-- WORK INSTRUCTION --
Exactly as they appear below, repeat the lines from the one with "Rustic Sunflower Musical" through the one with "Gastroenterologist Custom Night", and no others.

-- RECORDS --
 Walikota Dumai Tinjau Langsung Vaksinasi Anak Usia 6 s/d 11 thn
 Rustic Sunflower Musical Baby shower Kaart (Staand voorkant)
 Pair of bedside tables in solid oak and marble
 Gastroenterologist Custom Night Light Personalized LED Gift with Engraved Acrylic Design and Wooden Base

---

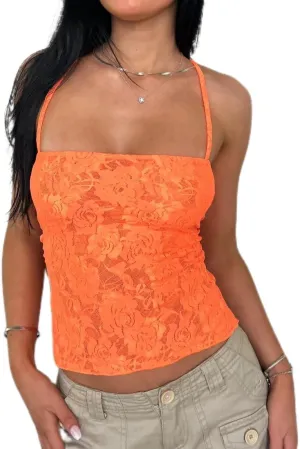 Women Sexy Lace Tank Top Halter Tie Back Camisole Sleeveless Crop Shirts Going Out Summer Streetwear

-- SOLUTION BELOW --
 Rustic Sunflower Musical Baby shower Kaart (Staand voorkant)
 Pair of bedside tables in solid oak and marble
 Gastroenterologist Custom Night Light Personalized LED Gift with Engraved Acrylic Design and Wooden Base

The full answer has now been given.